A handle 18 is pivotally attached to frame 12 such that handle 18 can be maneuvered by the user to assume different angles relative to a horizontal direction. It will be assumed that dispenser 10 is horizontally oriented in normal use as it is drawn over a floor such that the plane of generally planar frame 12 is parallel to the floor. Attachment of handle 18 to frame 12 may be accomplished employing a suitable pivoting connector enabling inclination of handle 18 as indicated by arrows 20. Illustratively, the base of handle 18 may be entrapped within a clevis 22 fixed to the forward frame member 24, supported on a pin 26 or the like.

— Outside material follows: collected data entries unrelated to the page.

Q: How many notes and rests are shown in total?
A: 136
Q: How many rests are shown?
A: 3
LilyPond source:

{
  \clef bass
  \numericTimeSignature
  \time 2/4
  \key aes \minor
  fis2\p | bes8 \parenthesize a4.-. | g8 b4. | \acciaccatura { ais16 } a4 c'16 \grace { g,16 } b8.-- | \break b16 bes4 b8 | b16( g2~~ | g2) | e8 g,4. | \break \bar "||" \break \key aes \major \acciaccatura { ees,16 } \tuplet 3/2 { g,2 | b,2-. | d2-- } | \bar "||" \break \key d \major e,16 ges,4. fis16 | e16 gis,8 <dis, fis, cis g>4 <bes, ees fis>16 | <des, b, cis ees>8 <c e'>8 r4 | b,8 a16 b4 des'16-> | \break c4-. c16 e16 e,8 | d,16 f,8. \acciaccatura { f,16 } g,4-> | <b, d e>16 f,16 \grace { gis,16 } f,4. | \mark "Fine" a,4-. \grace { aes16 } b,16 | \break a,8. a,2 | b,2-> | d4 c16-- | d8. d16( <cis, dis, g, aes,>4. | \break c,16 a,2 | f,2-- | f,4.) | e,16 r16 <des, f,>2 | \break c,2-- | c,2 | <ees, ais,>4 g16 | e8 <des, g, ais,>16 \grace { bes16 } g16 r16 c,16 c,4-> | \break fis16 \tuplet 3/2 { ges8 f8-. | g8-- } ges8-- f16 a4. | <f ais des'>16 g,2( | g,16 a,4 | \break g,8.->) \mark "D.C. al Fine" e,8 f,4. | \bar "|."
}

Frame 12 comprises five principal structural members, one of which is member 24. Arbitrarily characterizing forward frame member 24 as the front side of dispenser 10, the remaining structural members are right side channel 28, left side channel 30, rear frame member 32, and central frame member 34. Central member 34 is preferably located along the longitudinal axis of frame 12 to assist in maintaining balance of dispenser 10 in both loaded and unloaded conditions. The structural frame members are fabricated from any suitable rigid stock material, such as square steel tubing.

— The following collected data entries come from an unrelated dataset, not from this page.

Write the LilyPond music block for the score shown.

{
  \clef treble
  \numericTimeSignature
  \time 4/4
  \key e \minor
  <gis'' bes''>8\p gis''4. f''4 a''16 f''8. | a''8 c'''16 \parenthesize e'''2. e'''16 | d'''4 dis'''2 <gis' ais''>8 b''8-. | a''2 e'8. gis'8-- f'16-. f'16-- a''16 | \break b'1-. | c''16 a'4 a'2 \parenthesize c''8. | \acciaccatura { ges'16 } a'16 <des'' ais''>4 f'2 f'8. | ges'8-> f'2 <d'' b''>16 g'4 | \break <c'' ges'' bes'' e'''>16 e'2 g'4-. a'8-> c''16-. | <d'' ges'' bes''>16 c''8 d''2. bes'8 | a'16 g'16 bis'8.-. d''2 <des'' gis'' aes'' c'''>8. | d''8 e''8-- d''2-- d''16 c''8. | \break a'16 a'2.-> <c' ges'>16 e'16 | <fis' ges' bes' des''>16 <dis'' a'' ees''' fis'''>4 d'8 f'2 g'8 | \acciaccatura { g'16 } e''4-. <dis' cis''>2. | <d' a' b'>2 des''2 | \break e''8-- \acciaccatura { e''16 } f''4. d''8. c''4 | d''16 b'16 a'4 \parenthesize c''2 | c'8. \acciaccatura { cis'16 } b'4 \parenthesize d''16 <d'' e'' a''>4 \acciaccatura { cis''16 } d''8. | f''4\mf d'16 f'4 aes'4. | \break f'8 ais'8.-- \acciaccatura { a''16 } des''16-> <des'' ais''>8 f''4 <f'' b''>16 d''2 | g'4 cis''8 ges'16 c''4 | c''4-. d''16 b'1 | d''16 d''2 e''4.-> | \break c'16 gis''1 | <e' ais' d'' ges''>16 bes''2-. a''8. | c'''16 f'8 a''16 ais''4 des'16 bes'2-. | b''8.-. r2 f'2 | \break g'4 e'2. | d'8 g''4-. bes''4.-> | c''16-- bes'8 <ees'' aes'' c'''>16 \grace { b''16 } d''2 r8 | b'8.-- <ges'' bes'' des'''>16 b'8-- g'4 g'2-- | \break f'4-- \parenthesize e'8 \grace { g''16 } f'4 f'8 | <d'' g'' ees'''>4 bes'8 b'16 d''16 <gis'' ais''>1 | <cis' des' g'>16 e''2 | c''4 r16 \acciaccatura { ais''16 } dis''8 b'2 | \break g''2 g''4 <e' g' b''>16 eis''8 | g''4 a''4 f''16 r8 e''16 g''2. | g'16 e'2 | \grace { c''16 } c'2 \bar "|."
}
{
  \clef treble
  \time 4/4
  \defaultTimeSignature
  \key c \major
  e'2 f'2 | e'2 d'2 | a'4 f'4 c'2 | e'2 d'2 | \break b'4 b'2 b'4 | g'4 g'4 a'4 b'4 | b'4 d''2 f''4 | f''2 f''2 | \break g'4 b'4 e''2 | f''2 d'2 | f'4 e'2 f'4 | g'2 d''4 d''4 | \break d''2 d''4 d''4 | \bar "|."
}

Three fixed or stationary posts 36, 38, 40 are fixed to and project vertically upwardly from frame 12. Two spool supporting posts 42, 44 are rotatably mounted on frame 12. Each spool supporting post 42 or 44 is located between adjacent fixed posts 36, 38 or 38, 40, respectively. A representative way of supporting posts 42, 44 is shown in detail in FIG. 2. Posts 42, 44 have pegs (shown representatively as 46) projecting at either end. Peg 46 is received in a bore 48 extending entirely through frame member 34 at the lower end of post 42 or 44. The arrangement of bore 48 and peg 46 forms a rotatable mounting both enabling its associated post 42 or 44 to rotate about its associated axis 52 such that axis 52 is constrained to remain in a fixed position relative to frame 12.
A structural member 50 (see FIG. 1) spans and is secured to posts 36, 38, 40 at the top thereof. Spool supporting posts 42, 44 are rotatably fixed to member 50 in a manner similar to that by which they are mounted on central frame member 34, although the mounting arrangement at member 50 is a mirror image of the mounting arrangement at member 34. It will become apparent that posts 42, 44 can then rotate freely about their vertically oriented longitudinal axes 52.

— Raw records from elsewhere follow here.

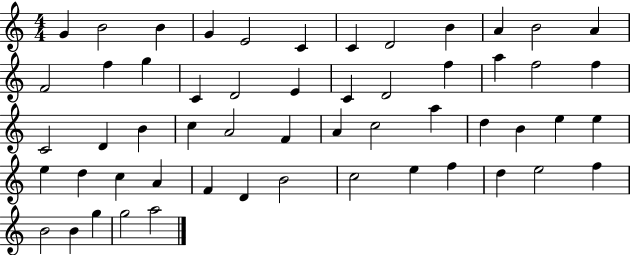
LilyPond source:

{
  \clef treble
  \numericTimeSignature
  \time 4/4
  \key c \major
  g'4 b'2 b'4 | g'4 e'2 c'4 | c'4 d'2 b'4 | a'4 b'2 a'4 | \break f'2 f''4 g''4 | c'4 d'2 e'4 | c'4 d'2 f''4 | a''4 f''2 f''4 | \break c'2 d'4 b'4 | c''4 a'2 f'4 | a'4 c''2 a''4 | d''4 b'4 e''4 e''4 | \break e''4 d''4 c''4 a'4 | f'4 d'4 b'2 | c''2 e''4 f''4 | d''4 e''2 f''4 | \break b'2 b'4 g''4 | g''2 a''2 | \bar "|."
}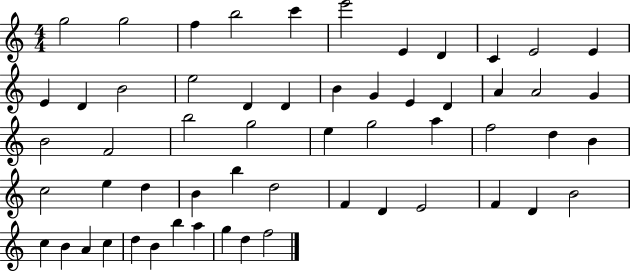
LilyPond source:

{
  \clef treble
  \numericTimeSignature
  \time 4/4
  \key c \major
  g''2 g''2 | f''4 b''2 c'''4 | e'''2 e'4 d'4 | c'4 e'2 e'4 | \break e'4 d'4 b'2 | e''2 d'4 d'4 | b'4 g'4 e'4 d'4 | a'4 a'2 g'4 | \break b'2 f'2 | b''2 g''2 | e''4 g''2 a''4 | f''2 d''4 b'4 | \break c''2 e''4 d''4 | b'4 b''4 d''2 | f'4 d'4 e'2 | f'4 d'4 b'2 | \break c''4 b'4 a'4 c''4 | d''4 b'4 b''4 a''4 | g''4 d''4 f''2 | \bar "|."
}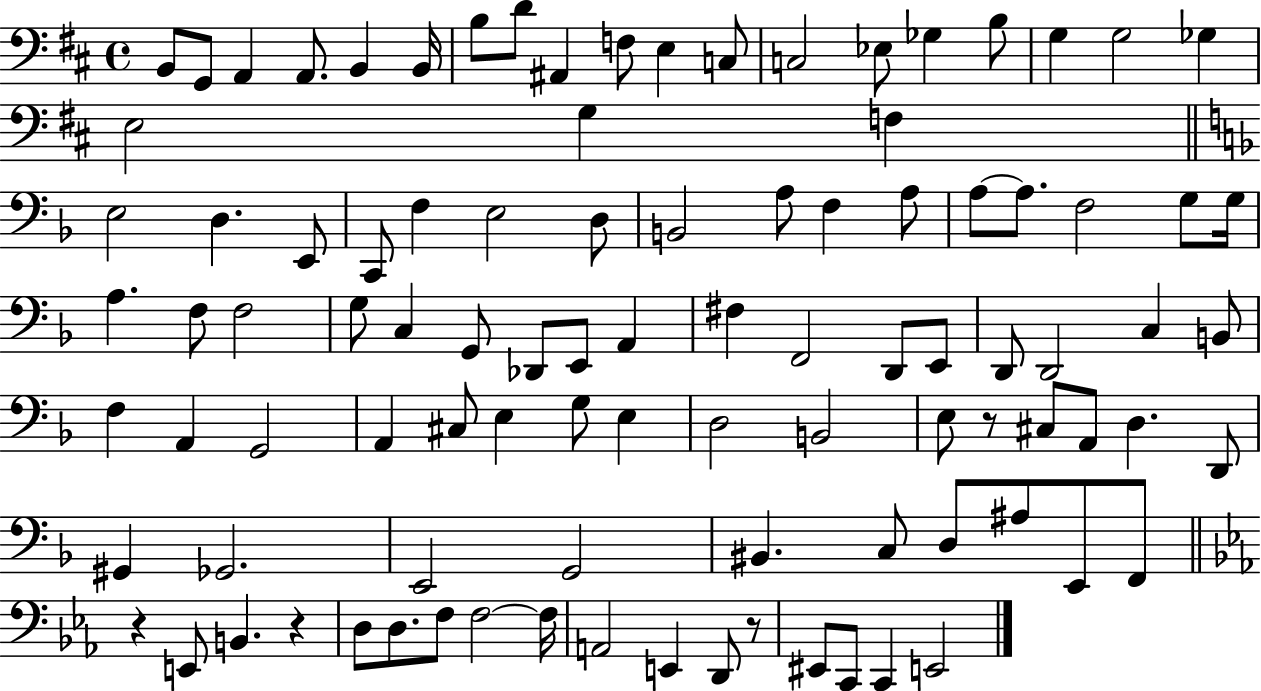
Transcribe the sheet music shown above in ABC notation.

X:1
T:Untitled
M:4/4
L:1/4
K:D
B,,/2 G,,/2 A,, A,,/2 B,, B,,/4 B,/2 D/2 ^A,, F,/2 E, C,/2 C,2 _E,/2 _G, B,/2 G, G,2 _G, E,2 G, F, E,2 D, E,,/2 C,,/2 F, E,2 D,/2 B,,2 A,/2 F, A,/2 A,/2 A,/2 F,2 G,/2 G,/4 A, F,/2 F,2 G,/2 C, G,,/2 _D,,/2 E,,/2 A,, ^F, F,,2 D,,/2 E,,/2 D,,/2 D,,2 C, B,,/2 F, A,, G,,2 A,, ^C,/2 E, G,/2 E, D,2 B,,2 E,/2 z/2 ^C,/2 A,,/2 D, D,,/2 ^G,, _G,,2 E,,2 G,,2 ^B,, C,/2 D,/2 ^A,/2 E,,/2 F,,/2 z E,,/2 B,, z D,/2 D,/2 F,/2 F,2 F,/4 A,,2 E,, D,,/2 z/2 ^E,,/2 C,,/2 C,, E,,2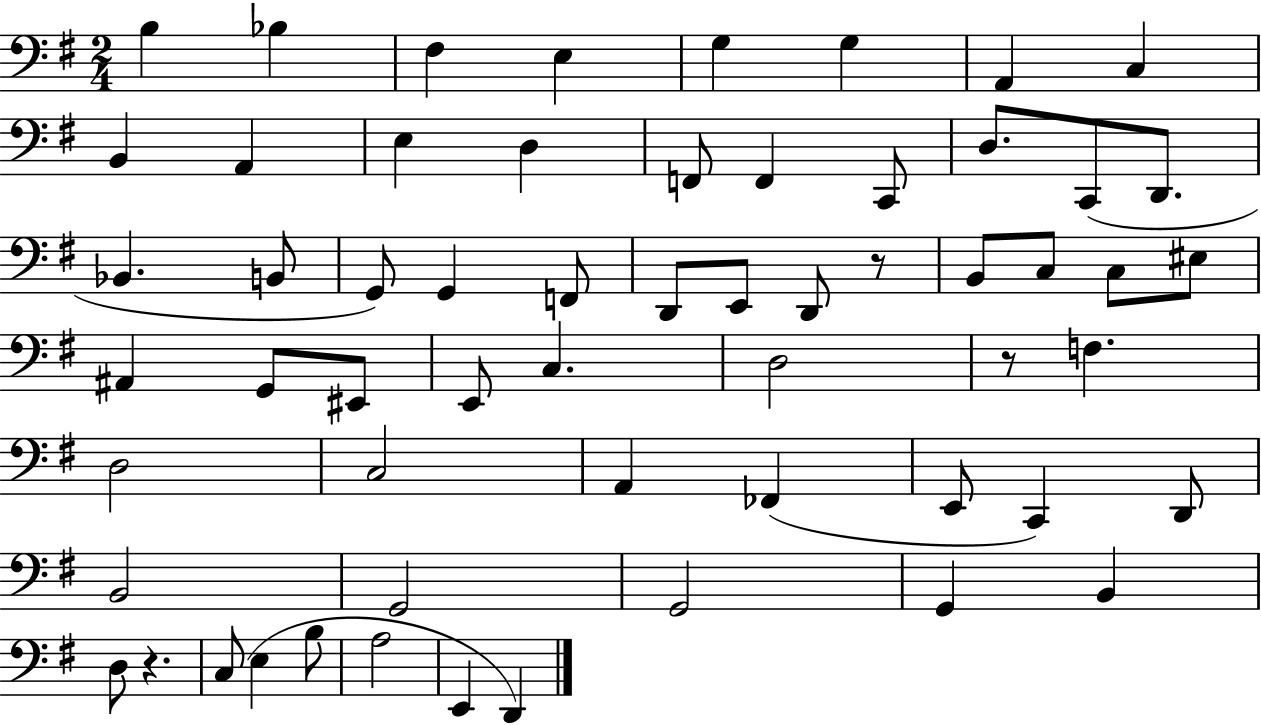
X:1
T:Untitled
M:2/4
L:1/4
K:G
B, _B, ^F, E, G, G, A,, C, B,, A,, E, D, F,,/2 F,, C,,/2 D,/2 C,,/2 D,,/2 _B,, B,,/2 G,,/2 G,, F,,/2 D,,/2 E,,/2 D,,/2 z/2 B,,/2 C,/2 C,/2 ^E,/2 ^A,, G,,/2 ^E,,/2 E,,/2 C, D,2 z/2 F, D,2 C,2 A,, _F,, E,,/2 C,, D,,/2 B,,2 G,,2 G,,2 G,, B,, D,/2 z C,/2 E, B,/2 A,2 E,, D,,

Returning to FIG. 1, spool supporting post 44 has four rods 54, 56, 58, 60 solidly fixed to and projecting laterally therefrom. Each rod 54, 56, 58, or 60 is connected to its associated spool support post 44 at one end and has a second free end. Post 42 is similarly configured and functions similarly as post 44, although full illustration of post 42 is broken away for clarity of FIG. 1. Rods 54, 56, 58, 60 are dimensioned and configured to abut adjacent fixed posts 38, 40 in the position indicated by solid lines. Post 44 can be rotated ninety degrees, as indicated by arrows 62, so that rods 54, 56, 58, 60 come to project to the right and left sides of dispenser 10. Spools (shown in the dispensing position in FIG. 3) are loaded onto rods 54, 56, 58, 60 in the position indicated in broken lines in FIG. 1.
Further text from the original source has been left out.